(殺されたジャマル・カショジ)
先日、たまたま図書館で高橋和夫の『中東から世界が崩れる イランの復活、サウジアラビアの変貌』(NHK出版新書)を見つけた。ネットで本を探すのも悪くないが、図書館で偶然、本と出合うことはもっと楽しい。
彼の国際政治の講義を、10年以上前、放送大学で聴いていたが、それよりも、本書は、大胆に率直に現在のアラブ世界の実像を語っている。
高橋は、アラブ世界の政治を理解するのに、宗教というものにとらわれては、例えばシーア派とスンニ派の教義の違いなどにこだわっては、本質を見まちがうと言う。宗教の教義ではなく、歴史的ないきがかりや経済的な事情が現在のアラブ世界を作っているという。
彼は、ヨーロッパよりもずっと長い文明の歴史をもつアラブが、100年前の極東アジアがそうだったように、ヨーロッパやアメリカの工業化社会の力の前に圧倒され、どう変わっていくべきか、いま混乱しているのだという。
アラブの国々は、イラン、トルコ、エジプトを除き、第1次世界大戦後に、ヨーロッパやアメリカによって、人工的に作られた国々だという。サウジアラビアなどは「国もどき」にすぎないという。
「国もどき」というのは、国境で囲まれた中の住民が、国民の一員という意識がないということだ。国に属するというより、部族に属するという意識のほうが強いのである。

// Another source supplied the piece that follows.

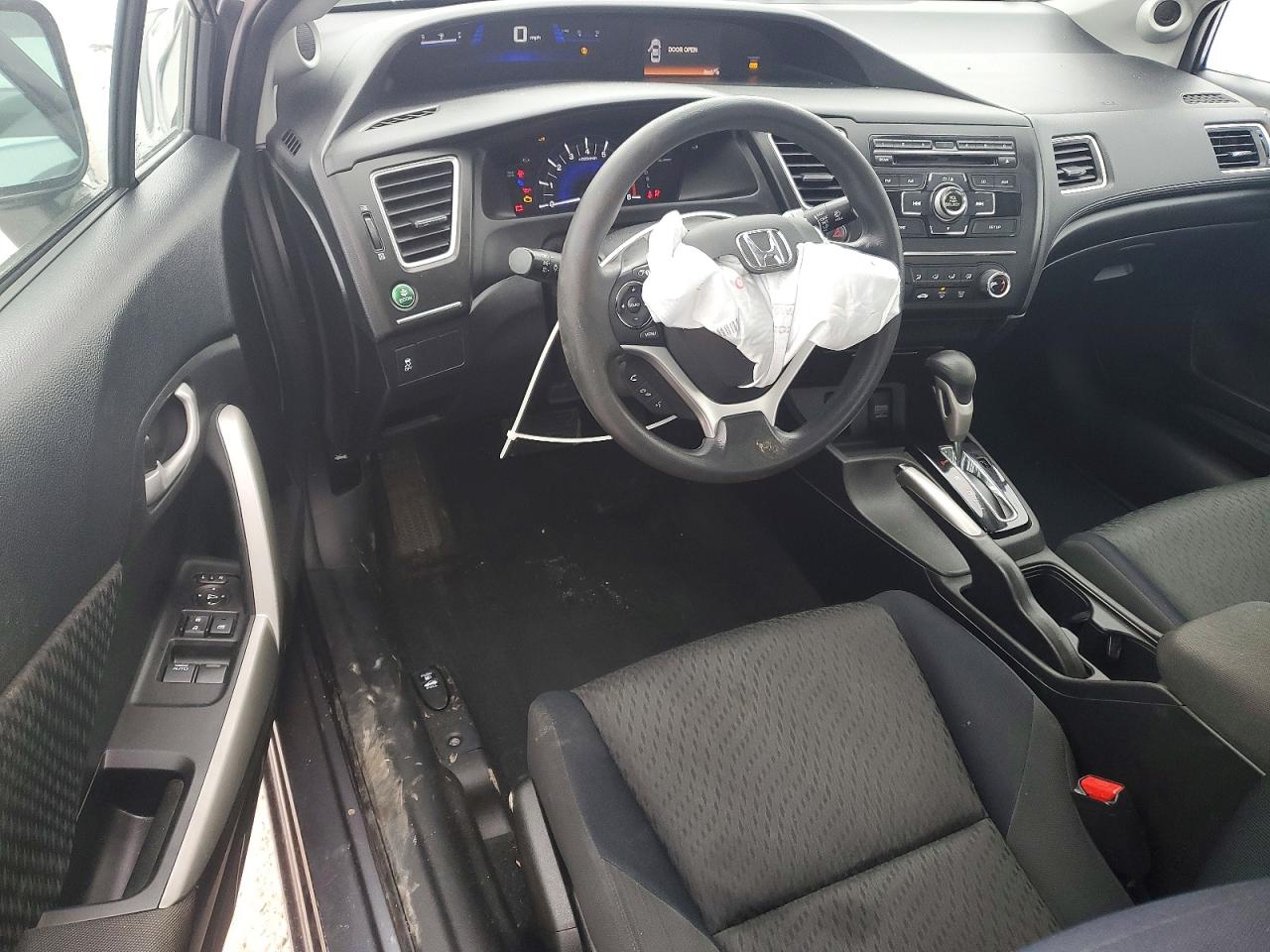 2015 HONDA CIVIC LX photo 8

私がアラブ世界の部族主義を感じ取ったのは、2014年12月のことである。「イスラム国」(IS)を攻撃したヨルダン軍パイロットのムアーズ・カサースベ中尉がISにつかまったが、このカサースベ家は名門の部族で、ヨルダン政府に彼の解放交渉を求めるデモが、ヨルダン、イラク、トルコで起きた。国を越えて、部族が示威行動をしたのである。
サウジアラビアの政治は、たまたま得た自分たち部族の王権をいかに守るかで、動いているという。自分たちを大きく見せるために人口を3千万人と言っているが、2千万人の自国民に1千万人の外国籍労働者を加えての数である。高橋はその2千万人も「かなりのインフレ気味」であるという。

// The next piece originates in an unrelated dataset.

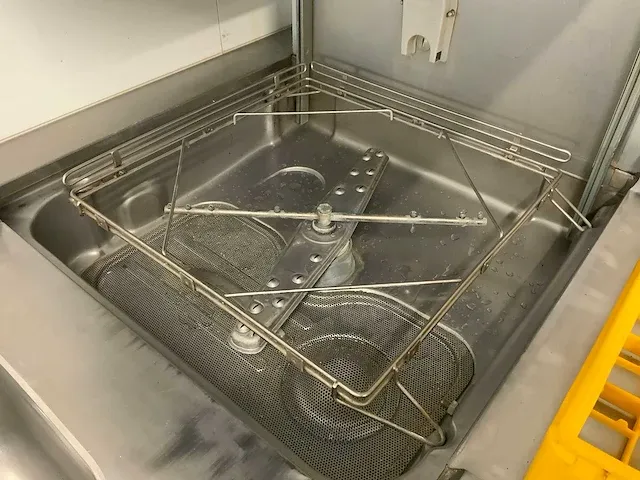 Electrolux - hht8 - korvenvaatwasmachine met aan en afvoertafel - afbeelding 8 van  16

石油がとれていなければ、サウジアラビアの王族は砂漠の遊牧民にすぎないのだから、国としての実体がないのは当然だろうと私は思う。
これまで、サウジアラビアは身の丈にあった慎重な外交をしていたが、国王が代替わりし、新国王の息子のムハンマド・ビンサルマン副皇太子がイエメンを爆撃するなど、暴走をはじめたと高橋はいう。サウジアラビアが新たな不安定要素をアラブ世界につくっているという。
私の記憶に新しいところでは、副皇太子のビンサルマンは2018年、自国のジャーナリスト、ジャマル・カショジをトルコ国内の大使館で生きたまま切り刻んで殺させた。

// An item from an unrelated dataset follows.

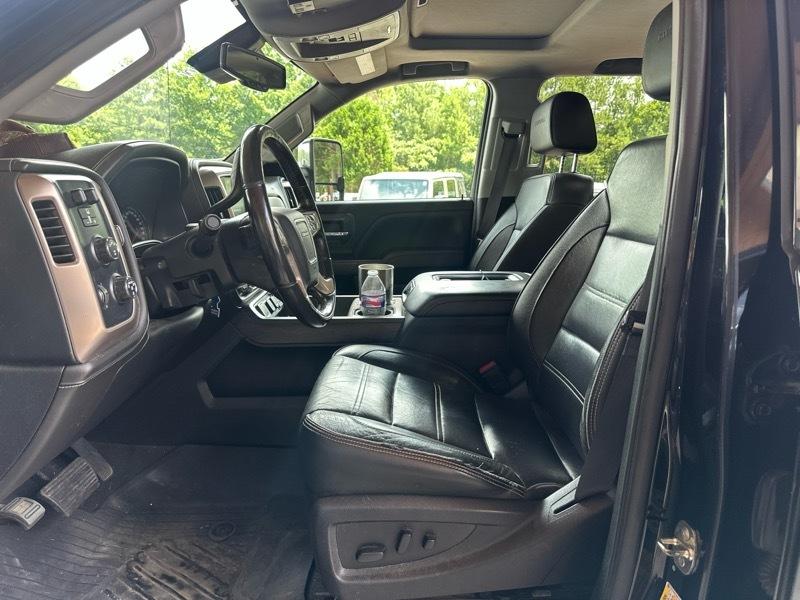 GMC Sierra 2500HD 4WD Crew Cab 153.7" Denali 2019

高橋は、欧米がトルコやイランやエジプトの社会を理解せず、自分たちの国内政治の駆け引きで動き、これらの国々の思いを裏切ってきたという。せっかくの「アラブの春」でエジプトで民主的選挙が行われ、ムスリム同胞団が政権の座についたのに、アメリカは軍事クーデターを黙認し、エジプトが独裁国に戻ってしまったという。
私たちが、日ごろ、アメリカ寄りのメディア報道に騙されているアラブ理解を修正してくれる良書である。
本書は2016年の出版である。昨年6月、イスラエルで、12年ぶりに政権交代があった。8月には、バイデン政権はアフガニスタンから米軍を完全撤退させた。また、昨年末から今年に掛けて石油価格が高騰し、アメリカのバイデン政権が日本に備蓄石油の放出を要請している。
高橋によれば、ここ数年の石油の低価格は、サウジアラビアがイランやロシアやアメリカに揺さぶりをかけるために行なったことだという。じっさい、現在の石油価格の値段はそれ以前に戻っただけである。石油価格が上がったほうが、アメリカのシェール・オイル産業にとっては利益がでる。
昨年来の新しい展開のなか、『中東から世界が崩れる』の続編を、高橋和夫にぜひ出版して欲しい。